Egal, wie sehr ich mich dafür hasse, mein Kopf beginnt zu rattern, noch bevor der Geruch des Donuts meine Nase überhaupt erreicht hat. Mein Mund fühlt sich staubtrocken an, meine Kehle eng. Ich kaue auf meine Wange herum, als ich meinen Blick von dem Donut mit Schokoglasur reiße, der noch immer erwartungsvoll vor mir auf einer Serviette liegt. Aber mir ist jeglicher Appetit vergangen.

„Rylee war Tanitas Freund, seitdem ich sie kenne", beginnt Ally. „Es sollte sein letzter Einsatz sein, bevor Weihnachten nach Hause kommt und studiert. Er wollte Lehrer werden. Ich habe ihn nur vom Sehen gekannt. Aber Tini hat so viel von ihm erzählt, dass es sich angefühlt hat, als wäre er ein guter Freund gewesen."

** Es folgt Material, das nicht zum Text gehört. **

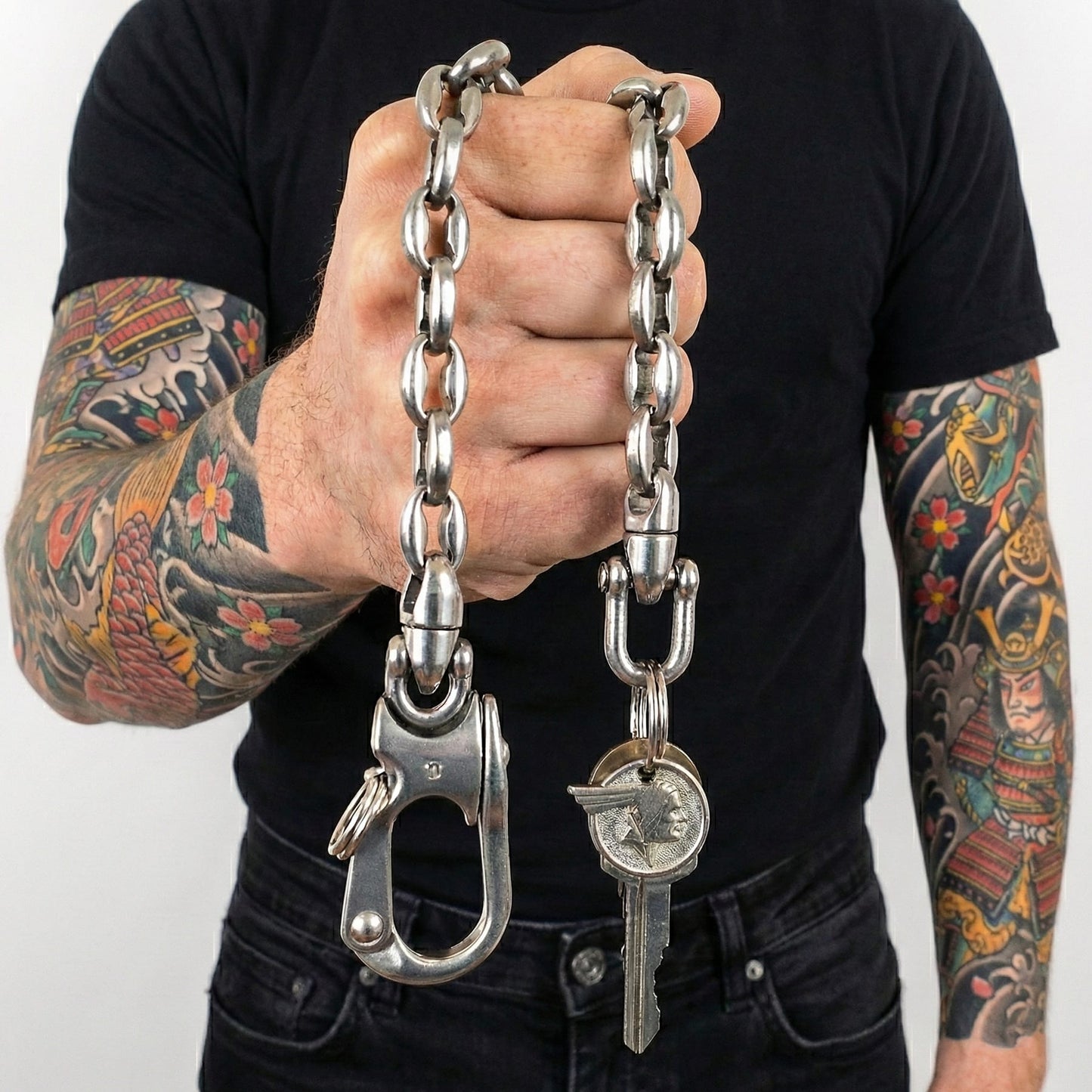 Massive Edelstahl Wallet Chain als Schlüsselkette mit großem Karabiner und Schlüsselring, gehalten von tätowiertem Mann im Biker- und Rocker-Style.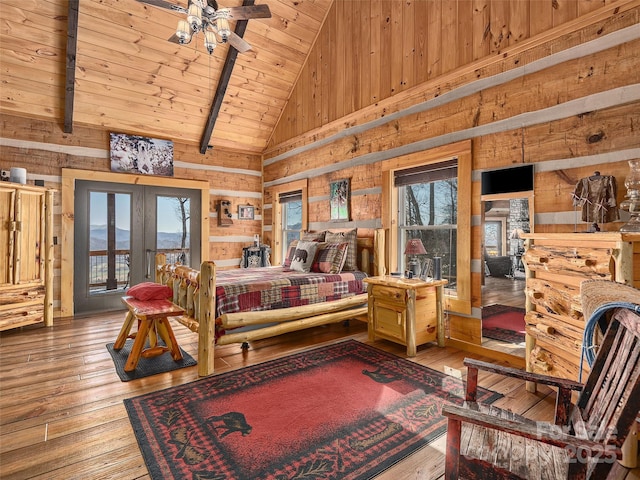 bedroom with hardwood / wood-style flooring, wooden walls, and multiple windows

„Das ist alles so schrecklich!", ich seufze auf, „Die arme Tanita."

„Ich habe vorhin mit Will telefoniert. Sie hat ihr Zimmer den ganzen Tag nicht verlassen."

Bestürzt schließe ich kurz die Augen und denke an all die Angehörigen der vielen Verstorbenen. Das Leben so vieler Menschen ist zerstört. Durch eine Bombe.

„Will, Mason und Tini haben eine gemeinsame WG", erklärt sie mir nach einer Weile, in der niemand von uns einen Ton rausgebracht hat.

Ally schiebt sich das letzte Stück ihres Donuts in den Mund, dann schleckt sie sich die Schokokrümmel vom Finger, bevor ihr Blick auf meinen noch immer unangerührten Donut fällt.

„Du hast ja noch gar nicht probiert, Emilia. Ich hab mir solche Mühe gegeben. Ich backe nicht sehr oft, das ist eher Cathys Revier. Aber ich musste irgendwas tun, sonst wäre ich durchgedreht."

Ich schlucke meine Angst hinunter. Unmöglich kann ich jetzt einfach gehen. Ich würde mich erklären müssen, warum ich den Donut nicht gegessen habe.

Vorsichtig beiße ich in den Donut. Messerscharf schneiden meine Zähne durch das Gebäck. Zucker, Fett und Teig mischen sich in meinem Mund. Bissen für Bissen. Und plötzlich ist er weg. Mein Blick fällt auf die leere Serviette, in der noch ein paar fette Krümel liegen. Warum habe ich das Ding eigentlich gegessen? Mein Magen verkrampft sich. Augenblicklich fühle ich mich dick, schmutzig und hässlich.

Abrupt schiebe ich meinen Stuhl zurück.

Alison sieht mich erstaunt an. „Was ist los?"

„Nichts", murmle ich, „ich muss nur mal aufs Klo."

*                                           *                                    *                                  *                            

Schnell schlängle ich mich an dem Tisch vorbei und steuere die Toilette an. Ich schließe ab und knie mich hin. Durch den Stoff meiner Jeans fühlen sich die Fliesen kalt an. Es passiert, ohne dass ich darüber nachdenke. Ich stecke mir den Finger in den Hals und fange automatisch an zu würgen. Salzige Tränen laufen über meine Wangen. Ich schiebe den Finger noch ein Stück weiter und übergebe mich. Das Geräusch der Donutstückchen, die in die Toilettenschüssel spritzen, ist ekelerregend. Die Essensreste treiben im Klo wie tote Fische im Meer. Ich drücke den Spülkasten und sofort füllt klares Wasser die Schüssel. Auch mein Kopf fühlt sich durchgespült an. Es ist zum Heulen. Voller Wut trete ich gegen die Kloschüssel. Kann mein Tag eigentlich noch schlimmer werden?

Was habe ich nur getan? Schockiert über mich selbst lehne ich mich gegenWand. Ich bin erbärmlich.

Ich versuche zu atmen, doch Panik steigt in mir auf. Für wenige Sekunden passiert nichts. Die Zeit scheint für einen Moment stillzustehen. Ich fühle mich schwerelos und leicht. Als könnte ich fliegen. Ich halte den Atem an und starre auf die bunten Explosionen vor mir, die ich nur verschwommen wahrnehme. Stechende Schmerzen durchfahren meinen Körper immer und immer wieder.